Nas últimas semanas as redes sociais foram inundadas por textos preconceituosos

Renato Vargens - 19/11/2019 13h13

As primeiras informações que retratam de forma efetiva a perseguição religiosa no Brasil remete ao ano de 1557, quando os huguenotes (calvinistas franceses) chegaram ao Rio de Janeiro com o propósito de ajudar a estabelecer um refúgio para os calvinistas perseguidos na França, além é claro de promover a evangelização do novo mundo.

Em 10 de março de 1557, os protestantes franceses celebraram o primeiro culto evangélico do Brasil e no dia 21 de março celebraram a primeira Ceia do Senhor. Todavia, pouco tempo depois, Villegaignon entrou em conflito com os calvinistas acerca dos sacramentos e os expulsou da pequena ilha em que se encontravam.

Alguns meses mais tarde, os colonos reformados embarcaram de volta à França. Quando o navio ameaçou naufragar por excesso de passageiros, cinco deles resolveram regressar ao Brasil se sacrificando em favor dos outros que além da fome, sofriam com a possibilidade de naufrágio.

A história conta que assim que chegaram em terra foram presos: Jean du Bordel, Matthieu Verneuil, Pierre Bourdon, André Lafon e Jacques le Balleur.

Os prisioneiros pressionados por Villegaignon, foram obrigados a professar por escrito sua fé, no prazo de 12 horas, respondendo a uma série de perguntas que lhes foram entregues. Eles assim o fizeram, escrevendo a primeira confissão de fé na América, sabendo que com ela estavam assinando a própria sentença de morte. Essa maravilhosa declaração de fé ficou conhecida como a Confissão de Fé da Guanabara (1558).

Em seguida, como previsto, os três primeiros foram mortos e Lafon, o único alfaiate da colônia, teve a vida poupada. Os mártires do evangelho fluminense foram enforcados e seus corpos atirados de um despenhadeiro. Balleur fugiu para São Vicente, em São Paulo, onde foi preso e levado para Salvador (1559-67), sendo mais tarde enforcado no Rio de Janeiro.

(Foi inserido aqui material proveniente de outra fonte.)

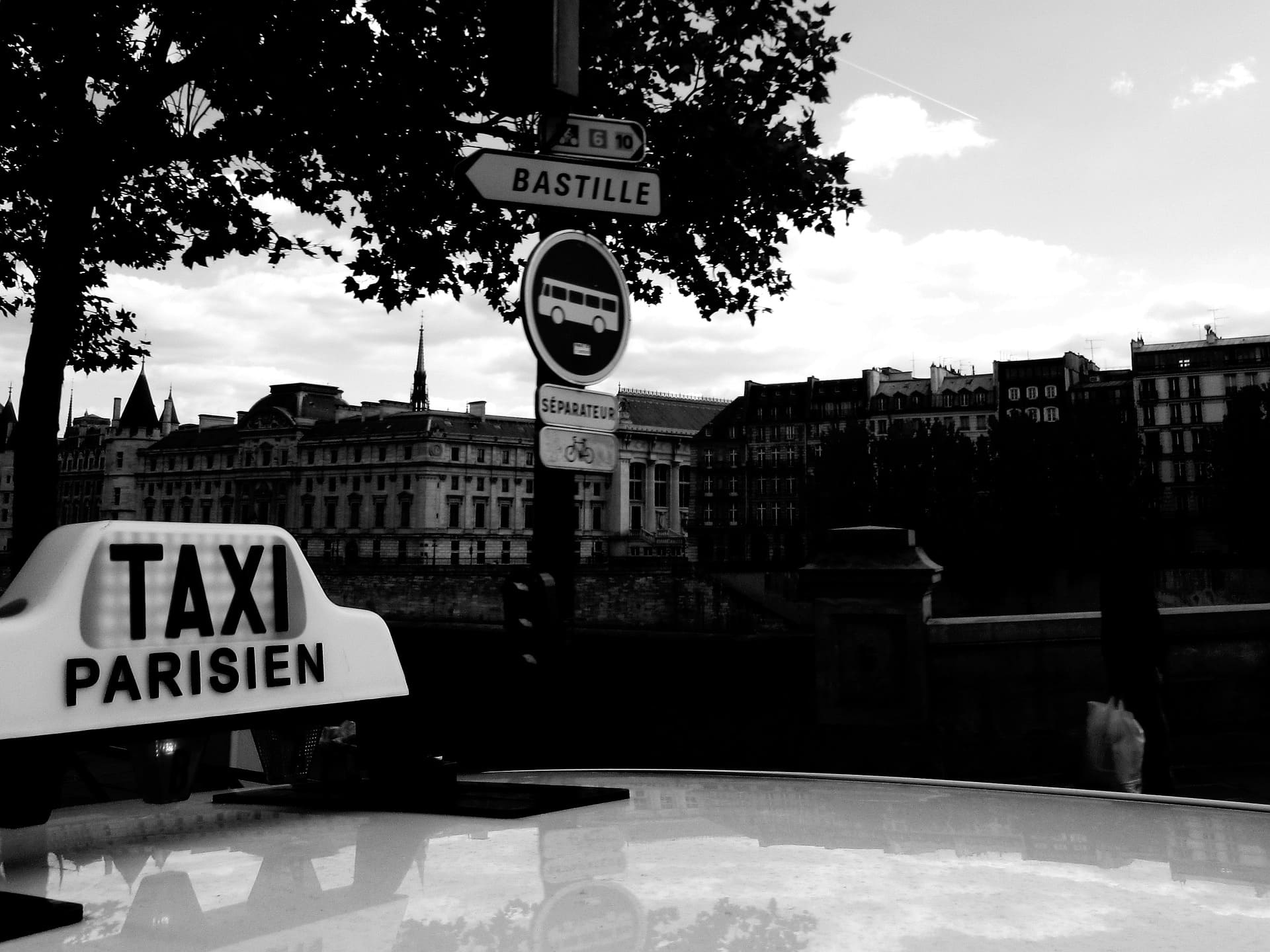 Taxi parisien Un taxi conventionné parisien.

Quase 100 anos depois, os holandeses criaram a Companhia das Índias Ocidentais com o objetivo de conquistar e colonizar territórios nas américas, especialmente uma rica região açucareira: o Nordeste do Brasil.

Em 1624, os holandeses tomaram Salvador, a capital do Brasil, mas foram expulsos no ano seguinte. Finalmente, em 1630 eles tomaram Recife e Olinda e depois boa parte do Nordeste. Neste período, João Maurício de Nassau-Siegen, que governou essa região entre 1637 a 1644, concedeu uma medida de liberdade religiosa aos residentes católicos e judeus.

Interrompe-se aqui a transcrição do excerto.